Work to be completed: Below are the entries; give again exactly the lines from the one mentioning "Grey tiled bathroom" through the one mentioning "Jorge Kurczyn inspecting", inclusive.

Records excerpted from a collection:
==============================

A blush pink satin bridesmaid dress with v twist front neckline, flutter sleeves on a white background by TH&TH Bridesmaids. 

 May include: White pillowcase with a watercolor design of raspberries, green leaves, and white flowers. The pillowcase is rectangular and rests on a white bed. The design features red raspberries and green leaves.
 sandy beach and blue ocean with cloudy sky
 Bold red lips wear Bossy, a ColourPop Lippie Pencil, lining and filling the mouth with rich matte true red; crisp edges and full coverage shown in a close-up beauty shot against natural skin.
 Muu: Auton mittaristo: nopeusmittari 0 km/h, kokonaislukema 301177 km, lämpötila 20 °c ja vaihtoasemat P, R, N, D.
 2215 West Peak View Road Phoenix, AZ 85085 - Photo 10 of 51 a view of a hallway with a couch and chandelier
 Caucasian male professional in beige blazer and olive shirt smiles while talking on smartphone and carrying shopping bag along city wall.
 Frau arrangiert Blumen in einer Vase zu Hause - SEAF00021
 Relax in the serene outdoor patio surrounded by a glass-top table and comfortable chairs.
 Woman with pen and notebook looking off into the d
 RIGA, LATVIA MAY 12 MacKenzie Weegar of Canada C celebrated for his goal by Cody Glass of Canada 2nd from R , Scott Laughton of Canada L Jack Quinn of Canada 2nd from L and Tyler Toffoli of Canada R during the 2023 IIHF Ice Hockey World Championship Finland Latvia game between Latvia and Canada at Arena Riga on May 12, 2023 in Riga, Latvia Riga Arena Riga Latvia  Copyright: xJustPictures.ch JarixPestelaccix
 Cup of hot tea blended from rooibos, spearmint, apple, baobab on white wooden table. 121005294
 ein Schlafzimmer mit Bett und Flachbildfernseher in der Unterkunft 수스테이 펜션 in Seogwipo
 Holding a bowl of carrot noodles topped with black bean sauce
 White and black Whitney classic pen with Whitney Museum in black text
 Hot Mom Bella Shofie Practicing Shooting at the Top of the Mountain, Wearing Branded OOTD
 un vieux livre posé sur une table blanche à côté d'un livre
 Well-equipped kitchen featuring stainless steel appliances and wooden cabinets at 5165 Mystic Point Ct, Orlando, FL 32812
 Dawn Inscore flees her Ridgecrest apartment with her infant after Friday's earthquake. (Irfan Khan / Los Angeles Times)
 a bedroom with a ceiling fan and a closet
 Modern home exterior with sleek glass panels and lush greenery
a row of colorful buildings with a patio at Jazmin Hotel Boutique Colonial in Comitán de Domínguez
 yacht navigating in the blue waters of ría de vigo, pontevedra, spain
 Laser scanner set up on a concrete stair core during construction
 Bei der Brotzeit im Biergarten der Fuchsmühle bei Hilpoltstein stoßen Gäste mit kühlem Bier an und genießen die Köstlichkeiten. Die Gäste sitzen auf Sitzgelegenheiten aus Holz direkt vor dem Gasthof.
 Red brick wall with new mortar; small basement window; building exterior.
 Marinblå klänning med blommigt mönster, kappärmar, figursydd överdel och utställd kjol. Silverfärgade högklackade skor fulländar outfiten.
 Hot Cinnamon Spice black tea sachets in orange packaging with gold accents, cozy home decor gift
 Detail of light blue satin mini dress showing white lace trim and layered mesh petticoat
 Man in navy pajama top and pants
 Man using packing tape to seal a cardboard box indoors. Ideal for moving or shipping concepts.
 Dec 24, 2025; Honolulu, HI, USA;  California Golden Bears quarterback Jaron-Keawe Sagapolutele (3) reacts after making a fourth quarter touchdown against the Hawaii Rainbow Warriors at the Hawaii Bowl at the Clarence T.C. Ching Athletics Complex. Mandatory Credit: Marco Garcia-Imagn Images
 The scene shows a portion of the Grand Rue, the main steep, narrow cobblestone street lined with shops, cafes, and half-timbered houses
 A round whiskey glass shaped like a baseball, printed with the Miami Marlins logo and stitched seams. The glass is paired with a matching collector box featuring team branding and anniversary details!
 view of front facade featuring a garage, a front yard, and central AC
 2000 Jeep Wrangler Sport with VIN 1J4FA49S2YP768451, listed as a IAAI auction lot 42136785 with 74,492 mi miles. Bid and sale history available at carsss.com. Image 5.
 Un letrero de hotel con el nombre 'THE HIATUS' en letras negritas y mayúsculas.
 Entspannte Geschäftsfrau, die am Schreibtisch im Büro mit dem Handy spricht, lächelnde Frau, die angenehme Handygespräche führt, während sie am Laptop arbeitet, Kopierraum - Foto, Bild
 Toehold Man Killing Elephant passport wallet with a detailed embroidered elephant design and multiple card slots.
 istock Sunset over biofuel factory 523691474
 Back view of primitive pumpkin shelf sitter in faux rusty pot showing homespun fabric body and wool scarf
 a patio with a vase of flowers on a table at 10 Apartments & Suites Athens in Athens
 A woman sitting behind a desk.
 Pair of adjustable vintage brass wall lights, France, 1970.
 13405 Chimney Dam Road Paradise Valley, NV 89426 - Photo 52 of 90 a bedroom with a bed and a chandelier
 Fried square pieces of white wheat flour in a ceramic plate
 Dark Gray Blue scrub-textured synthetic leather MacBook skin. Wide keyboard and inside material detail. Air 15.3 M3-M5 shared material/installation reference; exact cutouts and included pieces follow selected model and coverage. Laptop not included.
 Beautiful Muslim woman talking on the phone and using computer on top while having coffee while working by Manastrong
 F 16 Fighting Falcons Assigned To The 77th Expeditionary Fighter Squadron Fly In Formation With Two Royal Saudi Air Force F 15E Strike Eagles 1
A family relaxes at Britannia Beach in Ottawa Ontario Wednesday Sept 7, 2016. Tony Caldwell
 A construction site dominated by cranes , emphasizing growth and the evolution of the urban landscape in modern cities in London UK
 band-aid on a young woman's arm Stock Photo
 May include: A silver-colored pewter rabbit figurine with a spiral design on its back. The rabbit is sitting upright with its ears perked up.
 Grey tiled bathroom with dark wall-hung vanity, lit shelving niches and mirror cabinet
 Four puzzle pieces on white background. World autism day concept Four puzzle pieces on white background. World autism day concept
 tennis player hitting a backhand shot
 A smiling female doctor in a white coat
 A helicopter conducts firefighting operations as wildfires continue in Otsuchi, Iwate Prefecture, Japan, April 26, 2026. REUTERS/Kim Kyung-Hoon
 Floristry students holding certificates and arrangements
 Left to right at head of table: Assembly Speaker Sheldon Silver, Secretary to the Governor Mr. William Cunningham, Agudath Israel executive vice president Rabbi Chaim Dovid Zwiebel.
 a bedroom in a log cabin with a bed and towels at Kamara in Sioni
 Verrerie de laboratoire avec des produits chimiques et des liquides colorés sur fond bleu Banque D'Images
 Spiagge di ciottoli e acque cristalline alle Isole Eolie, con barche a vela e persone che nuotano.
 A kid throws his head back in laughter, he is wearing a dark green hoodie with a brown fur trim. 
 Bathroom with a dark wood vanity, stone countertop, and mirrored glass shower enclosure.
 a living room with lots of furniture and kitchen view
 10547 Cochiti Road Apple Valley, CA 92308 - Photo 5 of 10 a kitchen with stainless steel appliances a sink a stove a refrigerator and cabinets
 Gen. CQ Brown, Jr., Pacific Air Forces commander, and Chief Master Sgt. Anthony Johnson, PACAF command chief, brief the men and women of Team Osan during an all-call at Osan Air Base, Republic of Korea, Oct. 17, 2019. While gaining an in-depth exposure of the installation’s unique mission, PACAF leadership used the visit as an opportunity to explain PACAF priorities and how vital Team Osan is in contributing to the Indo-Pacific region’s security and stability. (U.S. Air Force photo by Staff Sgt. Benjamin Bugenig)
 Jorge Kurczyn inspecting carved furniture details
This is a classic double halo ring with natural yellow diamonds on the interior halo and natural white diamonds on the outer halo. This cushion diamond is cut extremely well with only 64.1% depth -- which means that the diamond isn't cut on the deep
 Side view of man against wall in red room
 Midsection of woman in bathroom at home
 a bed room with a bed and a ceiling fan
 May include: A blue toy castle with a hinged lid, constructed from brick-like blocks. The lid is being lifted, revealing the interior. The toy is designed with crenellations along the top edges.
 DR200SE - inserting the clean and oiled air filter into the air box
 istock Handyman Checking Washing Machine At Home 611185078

==============================

Result:
 Grey tiled bathroom with dark wall-hung vanity, lit shelving niches and mirror cabinet
 Four puzzle pieces on white background. World autism day concept Four puzzle pieces on white background. World autism day concept
 tennis player hitting a backhand shot
 A smiling female doctor in a white coat
 A helicopter conducts firefighting operations as wildfires continue in Otsuchi, Iwate Prefecture, Japan, April 26, 2026. REUTERS/Kim Kyung-Hoon
 Floristry students holding certificates and arrangements
 Left to right at head of table: Assembly Speaker Sheldon Silver, Secretary to the Governor Mr. William Cunningham, Agudath Israel executive vice president Rabbi Chaim Dovid Zwiebel.
 a bedroom in a log cabin with a bed and towels at Kamara in Sioni
 Verrerie de laboratoire avec des produits chimiques et des liquides colorés sur fond bleu Banque D'Images
 Spiagge di ciottoli e acque cristalline alle Isole Eolie, con barche a vela e persone che nuotano.
 A kid throws his head back in laughter, he is wearing a dark green hoodie with a brown fur trim. 
 Bathroom with a dark wood vanity, stone countertop, and mirrored glass shower enclosure.
 a living room with lots of furniture and kitchen view
 10547 Cochiti Road Apple Valley, CA 92308 - Photo 5 of 10 a kitchen with stainless steel appliances a sink a stove a refrigerator and cabinets
 Gen. CQ Brown, Jr., Pacific Air Forces commander, and Chief Master Sgt. Anthony Johnson, PACAF command chief, brief the men and women of Team Osan during an all-call at Osan Air Base, Republic of Korea, Oct. 17, 2019. While gaining an in-depth exposure of the installation’s unique mission, PACAF leadership used the visit as an opportunity to explain PACAF priorities and how vital Team Osan is in contributing to the Indo-Pacific region’s security and stability. (U.S. Air Force photo by Staff Sgt. Benjamin Bugenig)
 Jorge Kurczyn inspecting carved furniture details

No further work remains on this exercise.